The hearing, led by Chairman Sen. Jon Ossoff, a Georgia Democrat, and top GOP member Ron Johnson of Wisconsin, followed a joint release of a report by the Permanent Subcommittee on Investigations.

The report detailed that from August of 2021 to April of this year, staff at Balfour Beatty Community “frequently ignored or delayed responding to urgent requests from military families to address conditions such as mold and roof leaks that threatened the families’ health and safety.”

The problems plagued homes on two military bases —  the Fort Gordon Army Base in Georgia and Sheppard Air Force Base in Texas. Balfour operated about 1,000 homes at Fort Gordon and about 700 homes at Sheppard AFB.

“The results of this investigation are alarming, are disturbing, reveal injustice imposed on servicemembers and their families, reveal grave risks to the health and safety of servicemembers and their families, reveal neglect by Balfour Beatty, which is responsible for housing tens of thousands of military families,” Ossoff said in his opening statement.

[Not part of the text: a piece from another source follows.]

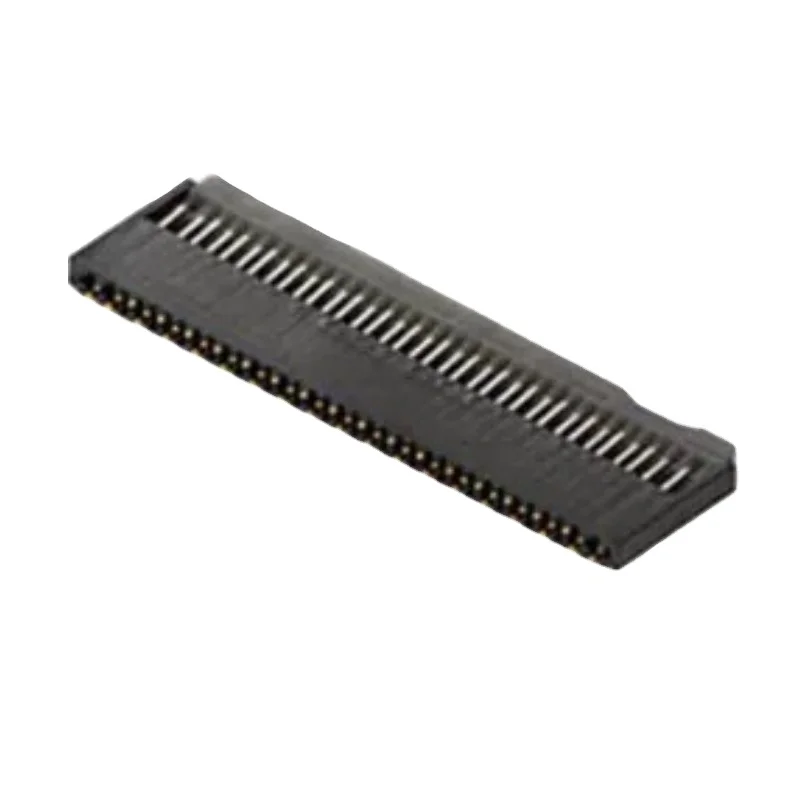 MOLEX 5047543700 504754-3700 FPC сиденье с верхним и нижним контактом 0. Оригинальный штифт 3 мм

One witness, Capt. Samuel Choe, testified that while he and his family were stationed at Fort Gordon, they lived in a private housing facility run by Balfour.

Choe said his daughter, now 10, developed a potentially fatal mold allergy after they moved into their home. Choe said his daughter had a rash on her arms and legs from exposure to black mold and mildew in the apartment, despite his and his wife’s repeated reports to the company of the visible mold they saw.

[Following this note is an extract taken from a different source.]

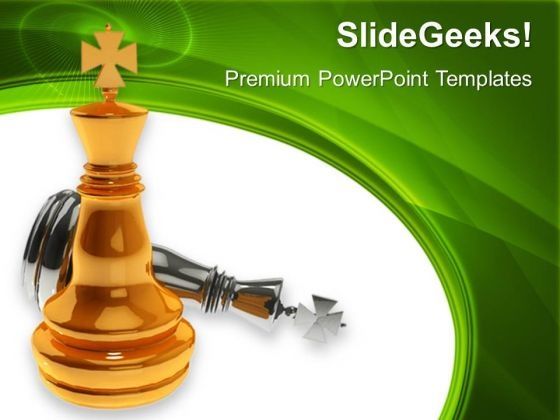 chess_king_winner_success_powerpoint_templates_and_powerpoint_themes_0612_title.jpg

Choe traveled from where he is currently stationed in South Korea, a 17- hour flight, to testify.

“Words, deeds, nor my testimony will never be able to fully convey the physiological, psychological, and emotional anguish that she has had to endure, and may endure for the rest of her life,” Choe said about his daughter. “It is expected that she will have to weather her atopic dermatitis well into her adult years.”

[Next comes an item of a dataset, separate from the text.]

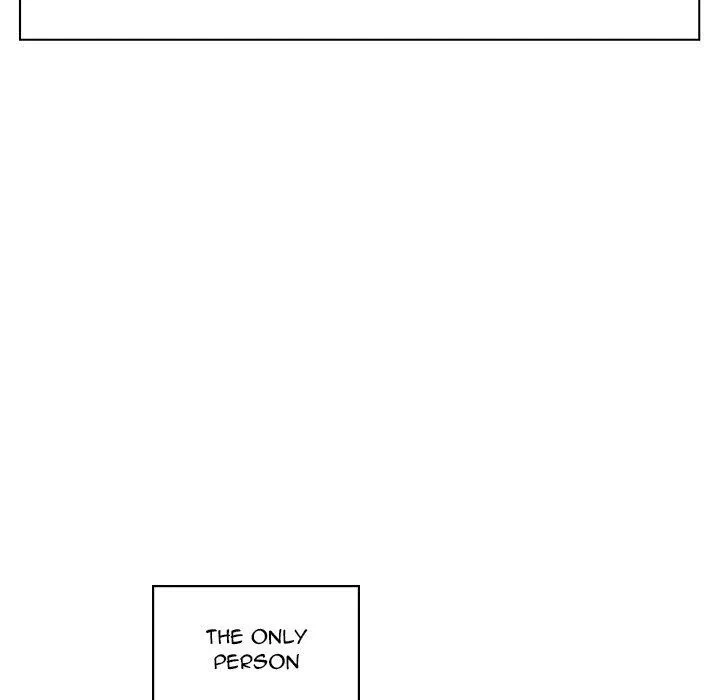 Chapter 31, page 28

Choe said from June 2021 to February of this year his daughter has received two shots per month to help her skin conditions. The treatment she receives is retailed at $3,000 to $4,000 per injection.

Balfour pushes back

The hearing was broken up into two panels of witnesses. Senators heard from housing advocates and members of military families, such as Choe, who lived and currently reside in Balfour homes, on the first panel.

Officials from Balfour — Richard C. Taylor, the president of facility operations, renovation and construction, and Paula Cook, vice president of military community management — were on the second panel.

Balfour operates more than 43,000 on-base homes at 55 separate Army, Navy, and Air Force bases in 26 states, serving about 150,000 residents.

The Department of Justice investigated the company for defrauding the government for six years, which Balfour pleaded guilty to in December.

“Instead of promptly repairing housing for U.S. service members as required, BBC lied about the repairs to pocket millions of dollars in performance bonuses,” Deputy Attorney General Lisa O. Monaco said in a statement following Balfour’s guilty plea.

Taylor and Cook defended Balfour, and affirmed that their company was working to fix its errors. They pushed back on testimony from witnesses in the first panel, including Choe.

Johnson pressed Taylor to respond to testimony from Choe, along with more from Tech. Sgt. Jack Fe Torres, who said when he reported mold in his home the work orders were changed or closed even when the problem was not solved.

“I think it’s their perception of what transpired,” Taylor said. “I think that we’ve got a different perception.”

Ossoff asked Taylor why the panel should ever trust Balfour, pointing out that the company in December pleaded guilty to committing fraud against the U.S. government from 2013 to 2019.

“Things go wrong. We are not perfect,” Taylor said.

Taylor objected to charges from Ossoff that these were systemic problems with Balfour housing and said he believed his company could be trusted.

“I’m shocked you don’t think it’s systemic,” Ossoff said, adding that every time he visits service members in his state, he hears complaints about Balfour management.

Sen. Maggie Hassan, a New Hampshire Democrat, said she was concerned that these issues could be happening in her state as well.

She asked Rachel Christian, the founder and chief legislative officer for the Armed Forces Housing Advocates, how widespread the misconduct is at Balfour, as well as other private housing contractors.

“You will see it at every installation you go to,” Christian said.  She said that among 55 Balfour Beatty installations, “I cannot come up with one where I haven’t seen an issue with work order closure prior to completion,” as well as mistreatment of military families.